By our special Correspondent
Thrissur, March 29 (IVC) There was an unprecedented increase in the human wildlife conflicts in the State in the fiscal 2023-24.
With the killing of a 30-year old tribal woman yesterday at Meppadi in the Wynad district , the total number of lives lost in the Wynad district touched to 12, the official sources said.
The tribal woman Mini was trampled to death by a wild elephant in the Meppadi forest range under the South Wayanad Forest Division on March 28.
Mini wife of Suresh of the Kattunayakka tribal settlement was under the Mupainad Grama Panchayat. The mishap occurred near their settlement which is nearly 10 kms from the Vaduvanchal town in the district. The wild elephant attacked the couple while they were collecting honey from a tree.
Today a wild elephant entered the natural village at Thumburmuzhy near Chalakudy in Thrissur district and the animal damaged it and destroyed the door and window of the rest house , the official sources said.
In another incident in kurachira in the Wayanad district today , a wild elephant faced by running the travellers and they had a miraculous escape.
The Chief Wildlife Warden today issued an order to send the bison which appeared in the Spring Valley in Idukki district back to the forest safely. If failed to send the animal to forest, the Captor gun application to tranquilize it may be resorted, the order said.
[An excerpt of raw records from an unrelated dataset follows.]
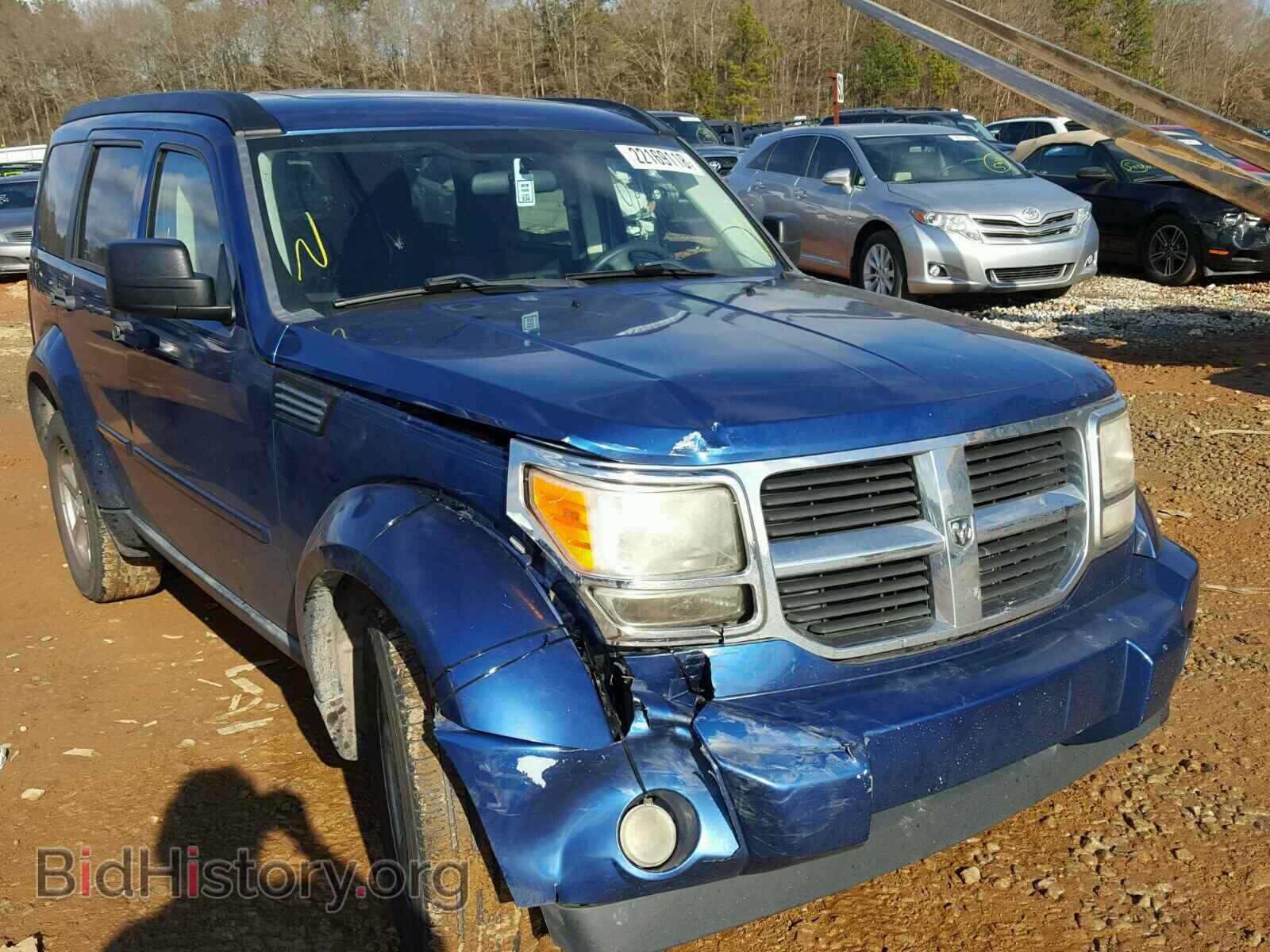 Фотография 1D8GT28K39W538257 - DODGE NITRO 2009
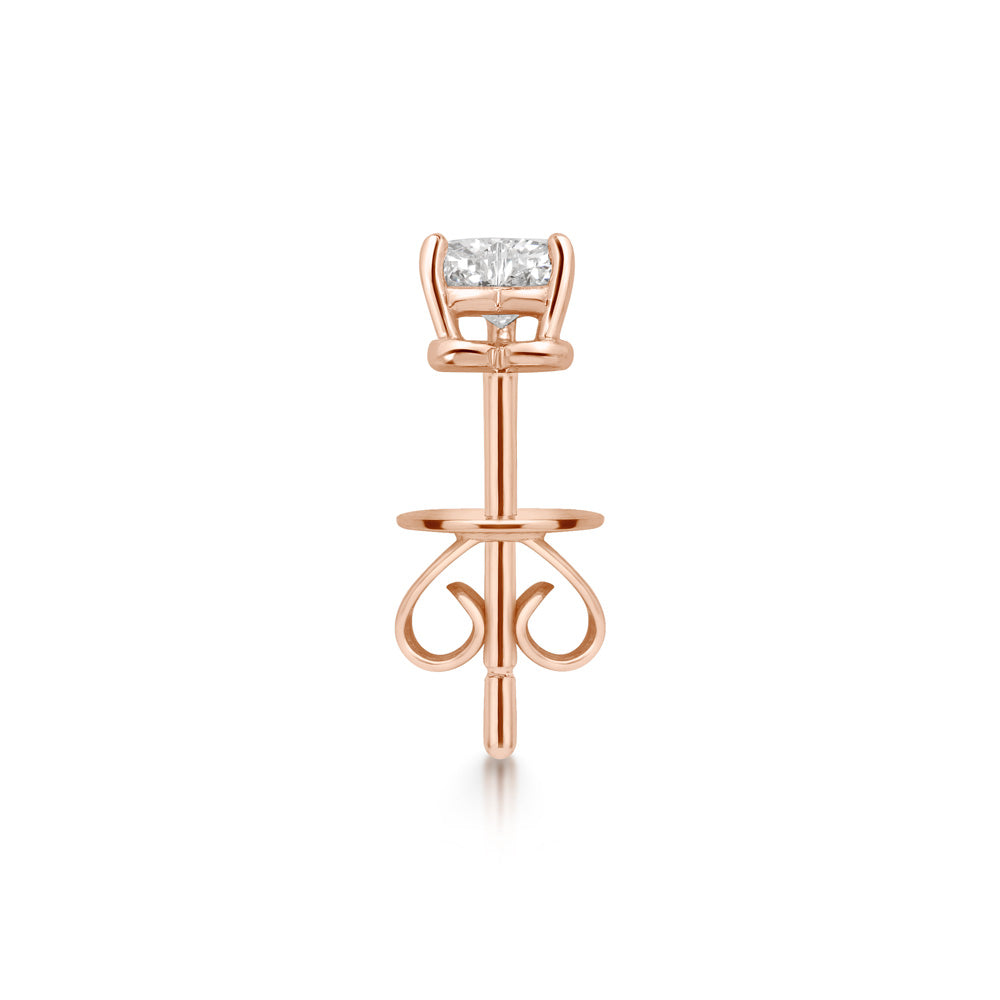 HEART EARRINGS - LM STUDIO GmbH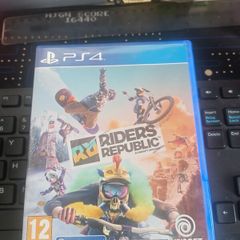 Riders republic ps4
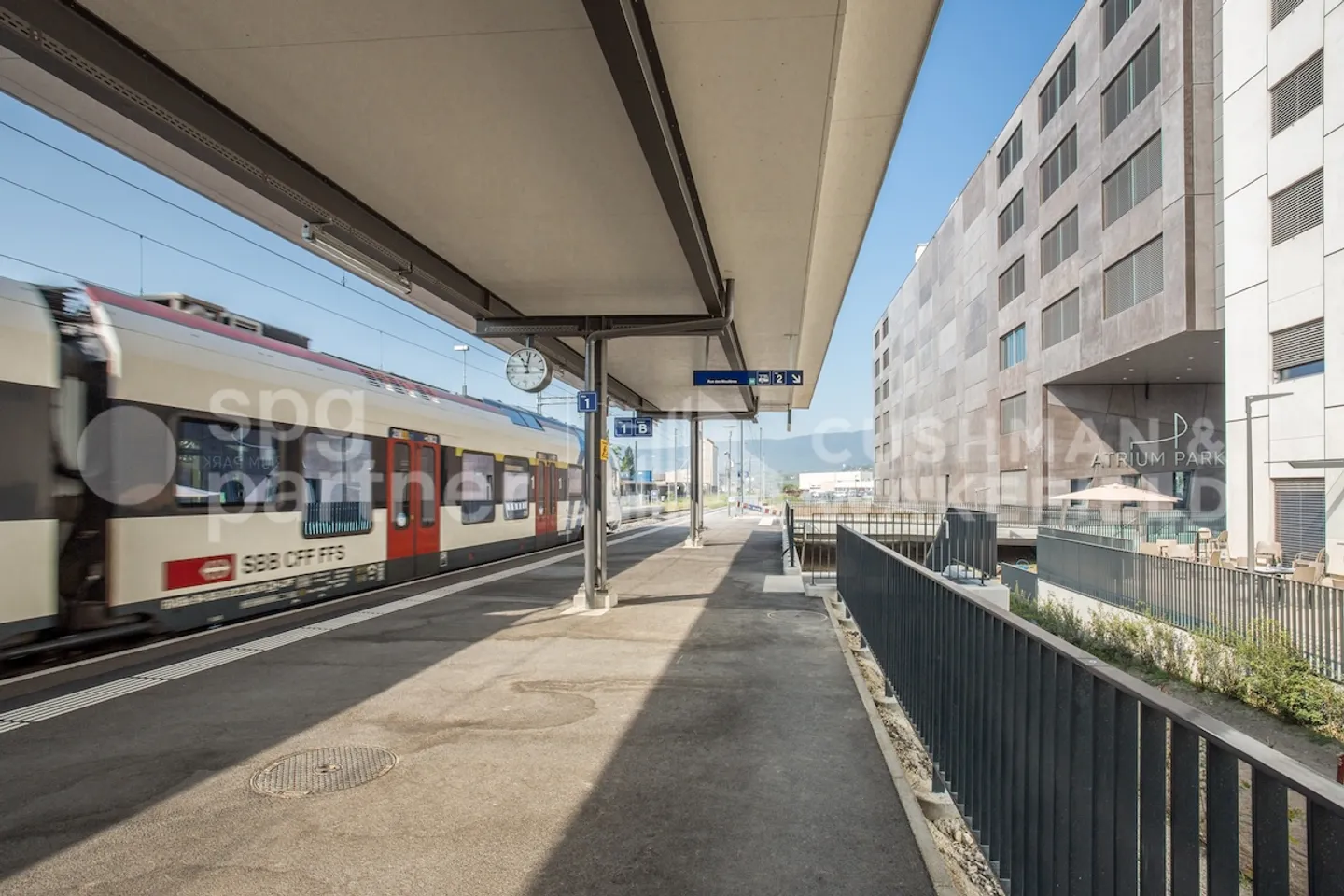 Atrium Park - Spazi misti divisibili a partire da 300 m² - Foto 10 di 11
The incidents t of wild elephants ,tigers, leopards , bears, and wild gaurs entering the human habitats and killing persons and destroying their properties and crops are on the increase unprecedently, the official sources said.
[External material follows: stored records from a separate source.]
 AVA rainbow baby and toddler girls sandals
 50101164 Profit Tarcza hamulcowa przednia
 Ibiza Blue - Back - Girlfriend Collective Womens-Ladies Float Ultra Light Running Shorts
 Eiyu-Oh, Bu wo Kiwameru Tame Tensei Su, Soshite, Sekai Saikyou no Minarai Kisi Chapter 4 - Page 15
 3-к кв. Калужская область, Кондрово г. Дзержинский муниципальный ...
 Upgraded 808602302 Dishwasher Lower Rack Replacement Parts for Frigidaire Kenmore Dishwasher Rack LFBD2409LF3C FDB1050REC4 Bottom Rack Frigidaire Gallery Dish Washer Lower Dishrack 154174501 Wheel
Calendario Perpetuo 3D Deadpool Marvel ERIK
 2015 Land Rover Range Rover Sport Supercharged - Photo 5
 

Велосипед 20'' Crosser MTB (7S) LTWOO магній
The human-wildlife conflicts have claimed 95 lives in the in2023-24 in the State. There were 8873 incidents, including 98 human causalities during 2022-23 according to the Economic Review 2022-23. Wayanad has been on top of the list with 69 deaths reported in between 2011 and 2024.
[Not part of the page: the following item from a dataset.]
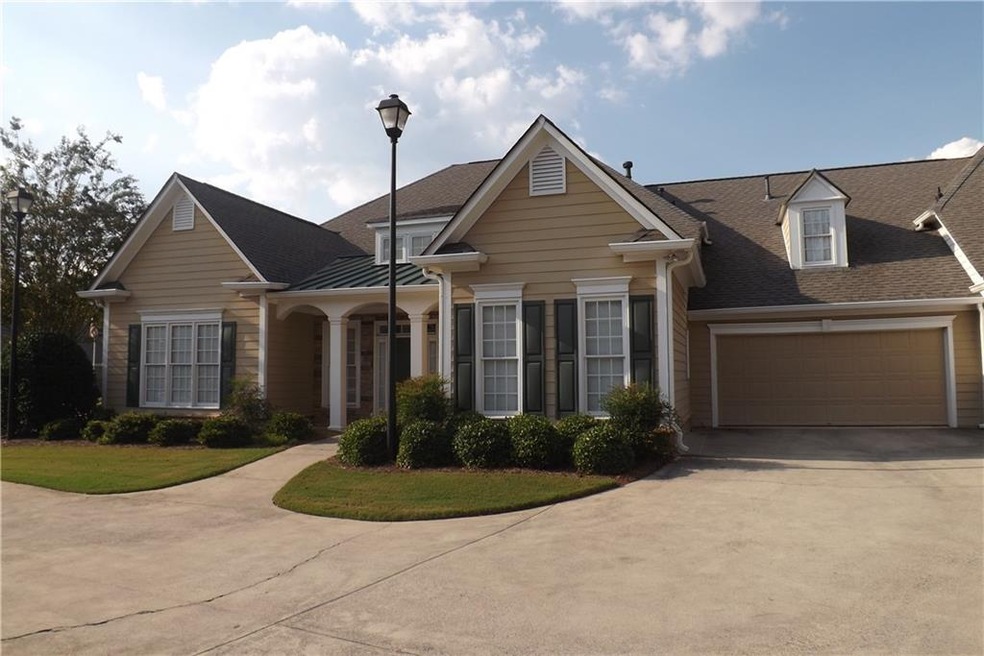 Welcome to your new home!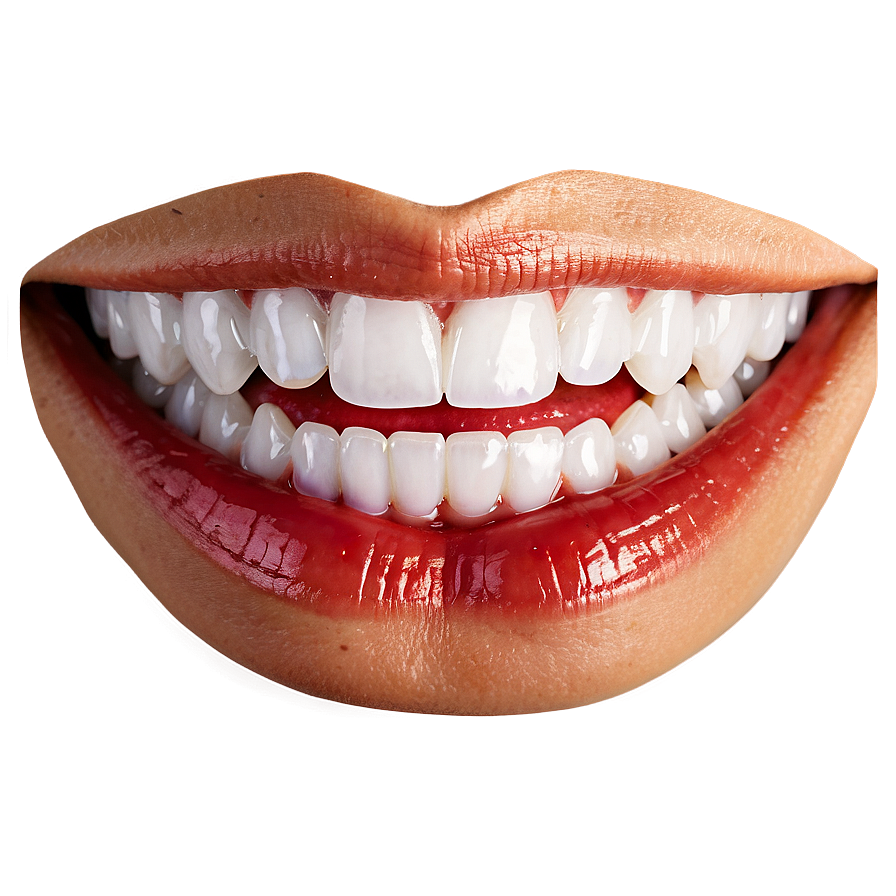 Smiling Mouth Png Qml PNG Image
In the light of the escalating cases, the Kerala Government decided this month to declare human-animal conflict as a State-specific disaster. Kerala is the first State in the country to do so. Official sources said adding earlier the responsibility of managing such conflicts was with the Forest department. Human-wildlife interactions are multifaceted with temporal and spatial spec cities. Hardly any serious conflicts are reported from a rich wildlife area such as Periyar Tiger Reserve while most parts of Wayanad and Idukki are contrasting, according to the Chief Scientist, Kerala Forest Research Institute (KFRI), T V Sajeev.
“The reasons include forest degeneration, hydrology of forests, impact of the floods in 2018 and 2019, proliferation of resorts on the forest fringes, behavioral changes of the wildlife and invasion of non-edible alien plants and trees”. Sajeev added.
Fragmentation of wildlife habitats is a major leading to the conflicts. The causes for the conflicts are mostly location-specific, Dr P S Esa former Director of the KFRI said.